Daß und was man aus der Geschichte lernen kann (= muß), wenn man sie nur richtig zubereitet, ist also entschieden, ebenso wie die daraus folgende Streitfrage, ob es immer im Kreis geht (= der heutige Mensch schon immer derselbe war und Demut üben muß) oder stetig vorangeht ( = die BRD die höchste Stufe ist, mit der der Mensch zufrieden sein muß). Die Geschichte macht am besten beides:

„ ... denn die Geschichte geht nicht nur (!) vorwärts, wie man in der Jugend und in naiven Epochen glaubt, sondern sie geht immer auch im Kreise, und die Skeptiker sagen, unter Berufung auf die Antike, sie gehe nur im Kreise.“ (Sengle, Zur Überwindung des anachronistischen Methodenstreits in der heutigen Literaturwissenschaft)

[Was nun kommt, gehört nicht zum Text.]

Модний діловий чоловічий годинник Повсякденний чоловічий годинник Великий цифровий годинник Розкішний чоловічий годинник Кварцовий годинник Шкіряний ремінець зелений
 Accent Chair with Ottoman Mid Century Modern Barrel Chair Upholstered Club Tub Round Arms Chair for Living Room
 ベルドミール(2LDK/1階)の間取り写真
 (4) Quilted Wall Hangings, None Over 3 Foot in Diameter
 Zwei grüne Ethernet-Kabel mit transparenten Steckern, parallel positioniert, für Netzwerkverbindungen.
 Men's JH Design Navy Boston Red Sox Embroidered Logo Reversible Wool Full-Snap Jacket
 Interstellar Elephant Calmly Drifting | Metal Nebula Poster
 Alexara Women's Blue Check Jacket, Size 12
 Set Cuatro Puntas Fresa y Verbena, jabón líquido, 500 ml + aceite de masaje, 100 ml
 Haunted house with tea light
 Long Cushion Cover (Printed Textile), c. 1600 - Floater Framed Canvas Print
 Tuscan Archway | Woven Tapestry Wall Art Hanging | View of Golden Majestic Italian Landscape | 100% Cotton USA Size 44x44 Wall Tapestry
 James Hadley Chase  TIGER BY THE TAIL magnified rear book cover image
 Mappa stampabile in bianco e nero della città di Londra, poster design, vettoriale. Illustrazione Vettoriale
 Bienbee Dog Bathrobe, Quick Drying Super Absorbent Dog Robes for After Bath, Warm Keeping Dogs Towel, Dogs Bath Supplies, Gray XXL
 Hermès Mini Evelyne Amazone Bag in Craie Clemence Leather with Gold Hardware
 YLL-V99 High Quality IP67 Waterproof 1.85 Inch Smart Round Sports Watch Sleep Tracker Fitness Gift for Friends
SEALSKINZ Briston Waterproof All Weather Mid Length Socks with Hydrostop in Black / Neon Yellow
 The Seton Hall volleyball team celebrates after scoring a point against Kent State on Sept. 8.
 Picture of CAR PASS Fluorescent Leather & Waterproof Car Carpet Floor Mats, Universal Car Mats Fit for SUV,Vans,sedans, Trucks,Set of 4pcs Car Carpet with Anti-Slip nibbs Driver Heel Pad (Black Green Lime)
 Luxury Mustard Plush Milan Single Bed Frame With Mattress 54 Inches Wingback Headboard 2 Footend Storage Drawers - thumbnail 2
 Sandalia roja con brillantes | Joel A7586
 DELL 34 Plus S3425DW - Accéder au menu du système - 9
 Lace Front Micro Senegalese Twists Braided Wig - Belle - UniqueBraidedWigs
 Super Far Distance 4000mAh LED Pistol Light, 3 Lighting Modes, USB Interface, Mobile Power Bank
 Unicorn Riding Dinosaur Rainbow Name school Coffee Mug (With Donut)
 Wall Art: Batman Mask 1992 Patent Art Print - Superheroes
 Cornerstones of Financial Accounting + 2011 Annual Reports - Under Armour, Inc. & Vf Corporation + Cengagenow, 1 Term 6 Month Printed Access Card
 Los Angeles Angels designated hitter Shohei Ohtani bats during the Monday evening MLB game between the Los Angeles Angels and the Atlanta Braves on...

Dann kann der Germanist auch aus der Rekonstruktion des Biedermeier ein moralisches Vergleichsprogramm machen für die Besinnung darauf, „daß es nicht nur das Jetzt und Hier gibt“ (na sowas!) und „das Wissen um die menschliche Unvollkommenheit und Tragik“ Bescheidenheit lehrt:

„Wenn ich so versuche, die Biedermeierzeit, so gut ich kann, wiederherzustellen, ... so ... glaube (ich), eben dadurch der Gegenwart den besten Dienst zu erweisen. Oder meint man, daß unserem herrlichen Jahrhundert die Konfrontation mit anderen Epochen weniger nottut als dem achtzehnten?“ (F. Sengle, Biedermeierzeit, S. IX)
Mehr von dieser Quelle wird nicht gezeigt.